In the just concluded presidential election campaign in the United States, the candidates and their party allies spent a combined $2 billion according to a report on Reuters on November 7, 2012. Journalist Bob Woodward has published a book entitled The Price of Politics (2012). The $2 billion of spending by the presidential candidates is just the tip of the iceberg represented by the idea behind the title “The Price of Politics.”

In a New York Times review of Mr. Woodward’s book, the reviewer observes that: “As a plethora of election-year polls and surveys indicate, Americans are fed up with a deeply dysfunctional Washington paralyzed by partisan gridlock and increasingly incapable of dealing with the daunting problems facing the nation [including] . . . an inability to focus on long-term solutions instead of temporary Band-Aids.”  Quoted from ‘The Price of Politics,’ by Bob Woodward, book review by Michiko Kakutani, NY Times, September 7, 2012,

The presidential election campaign of 2012 in the United States is powerful reinforcement of a central message of CTLR (Capitalism: The Liberal Revolution), that politics is the problem, not the solution. Politics does not work to better humanity, but only to worsen human society. The time, effort, and property expended in the American political election campaign are all wasted because no good can come of it, no matter who wins.

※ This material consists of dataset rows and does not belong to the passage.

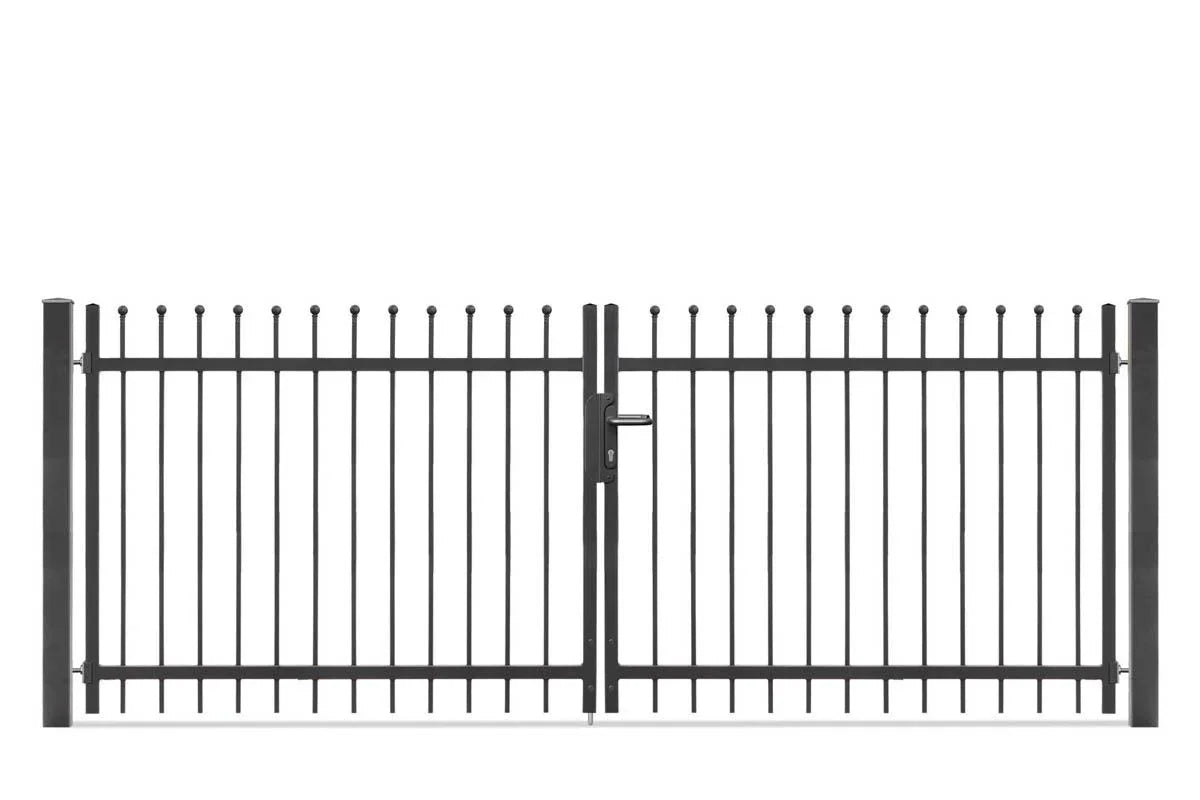 Doppelflügeliges Schmuckzaun-Tor aus Metall mit senkrechten Stäben und Kugelspitzen.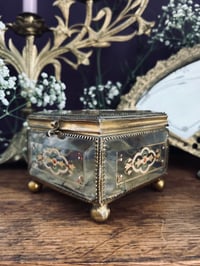 Image 11 of Grande boite à bijoux en verre biseauté, e-mail peint et soie capitonné verte, fin XIXème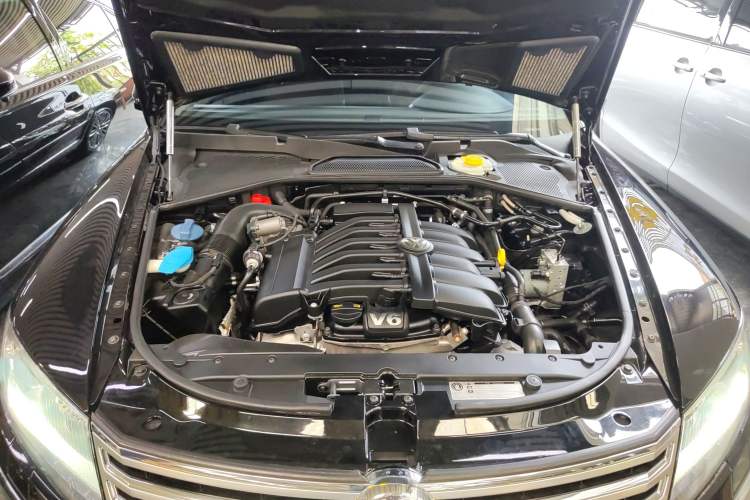 Used Volkswagen Phaeton 2015 3.0L Exclusive Edition Engine Bay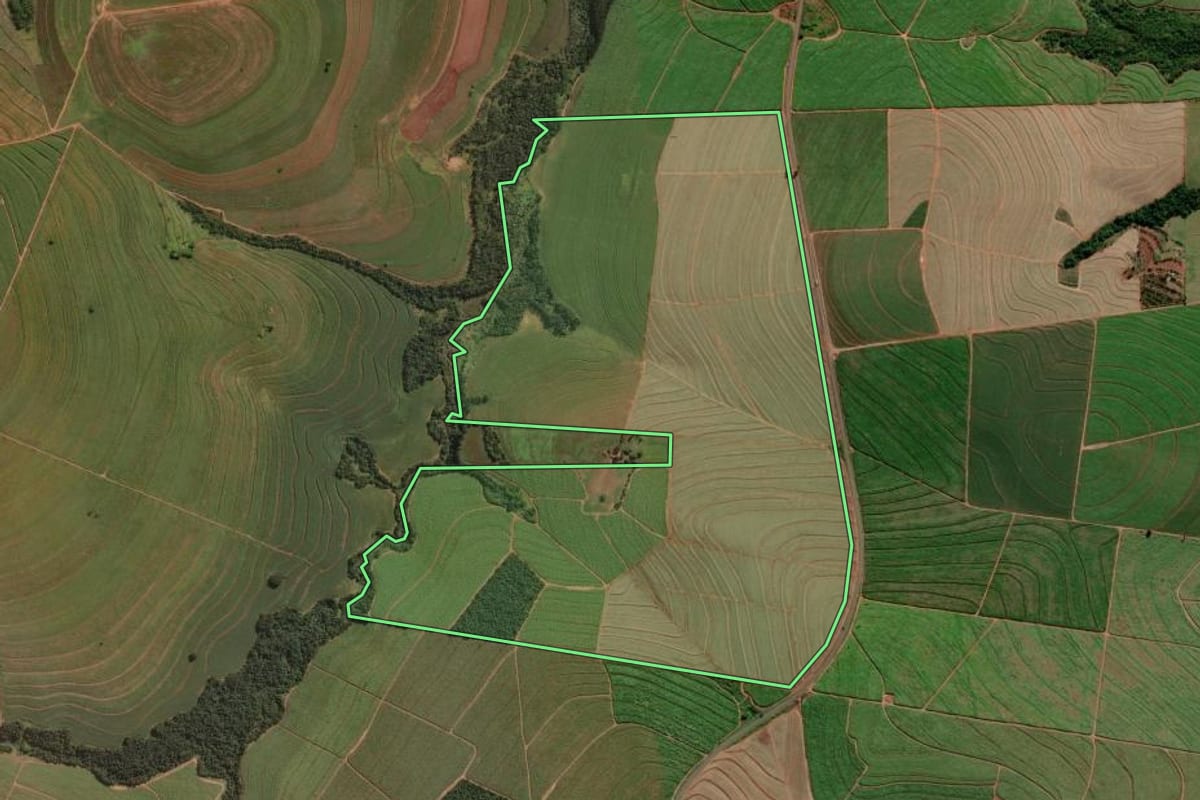 Imagem de satélite do imóvel rural em Florestópolis (PR), com o contorno declarado no CAR desenhado por cima.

The candidates for the Presidency did not address an underlying problem facing America: how to reform the welfare state so that it does not go bankrupt while bankrupting the American people.

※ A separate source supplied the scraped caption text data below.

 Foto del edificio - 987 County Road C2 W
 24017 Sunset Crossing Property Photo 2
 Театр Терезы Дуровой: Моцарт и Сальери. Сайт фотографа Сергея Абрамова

The political process in America grinds along, repeats itself, and has created in the state what amounts to a tapeworm within the body of society, a tapeworm that is weakening and consuming the host body.

In the just concluded national election, as in every other national election in living memory, there were many perfectly decent people who participated actively and were committed so emotionally that they declared, and meant it, that they would be almost literally sick if their side lost. Friends and family members on opposite sides of the contest won’t speak to each other about the political election because they know if they do they will get into heated arguments which will accomplish nothing but increasing antagonism.

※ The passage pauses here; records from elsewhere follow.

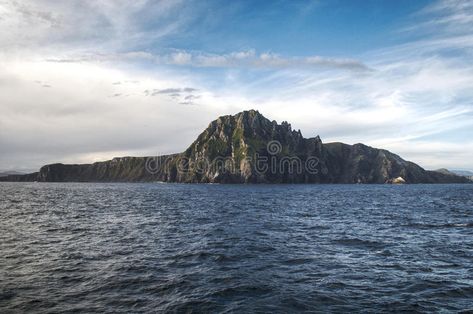 Cape Horn, Chile. Cape Horn is the southernmost point of South America, dividing , #Aff, #southernmost, #point, #Chile, #Cape, #Horn #ad Chile South America, Copperas Cove Texas, Kaniehtiio Horn, Cape Horn Estate, Cape Horn Chile, Atlantic Ocean, Virtual Tour, Dream Destinations, South America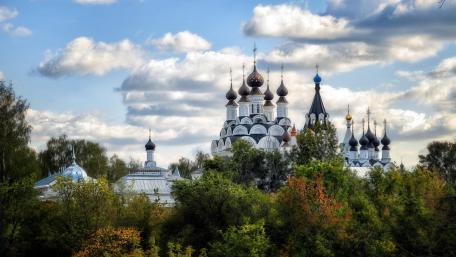 Majestic Russian Temple Surrounded by Nature wallpaper
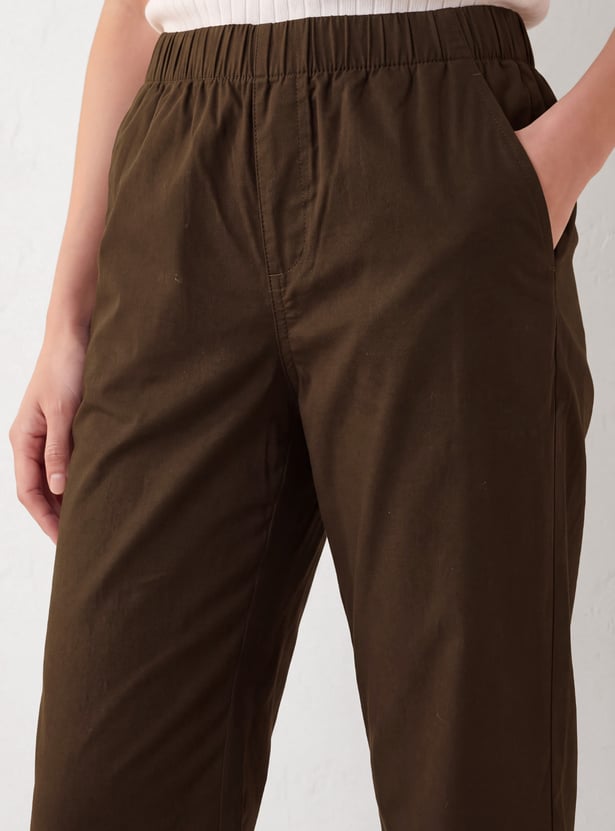 Women Flared Pull-On Pants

Winston Churchill said famously that ”Democracy is the worst form of government, except for all those other forms that have been tried from time to time.”  CTLR (Capitalism: The Liberal Revolution) offers an idea of human governance that is different and better than all forms that have been tried in the past—the elimination of coercion and the substitution of human cooperation in government.

Author Andy Andrews asked recently: “Why do the ages of our world’s greatest civilizations average around two hundred years?” There is an answer to that question, an answer that is an essential idea of this book—politics does not work. It is because politics does not work in the United States of America that our country’s governments are in the financial mess that now exists at every level, federal, state and local. Furthermore, politics has never worked in any country at any time in human history, and in pre-history as revealed by anthropology and archaeology.

A central idea of CTLR (Capitalism: The Liberal Revolution) is that a better future is coming—a future when productive people shun politics and look for ways to provide government services on a proprietary basis animated by the profit motive. Those who provide good government services will profit in the competition for the business of those who seek government services. Those who provide unsatisfactory government services will incur losses not profits and will go out of business, which is as it should be.

CTLR explores the idea of a better way of government in an introductory chapter entitled “Replacements for the Political State,” and throughout the book in chapter after chapter. Two chapters that focus on solutions to the problem of governance are

“Abundance and its Sources; Poverty and its Causes,”

And “The True Democracy of Voluntary Exchange,”

Forthcoming chapters will lay out in detail specific ideas on how permanent peace and ever-growing prosperity can be achieved without political coercion. The first step forward is the recognition that politics is not the solution, and has never been a solution at any time and any place in the history of human society.

If politics were a solution, then politics had no better opportunity to demonstrate a solution than in America–in which the political structure was animated by an attempt to create a better form of human governance for a free people. The fact that the political state in America is bankrupt financially is proof that politics does not work. If politics works, then how is it that America’s federal and local states are failing in everything that they do—social welfare, education, justice, perpetual warfare instead of peace, etc.

It is a tenet of CTLR that when, and only when, the intellectual leaders of society recognize the futility of politics—and that there is a superior alternative—they will show humanity the way forward to a far better future.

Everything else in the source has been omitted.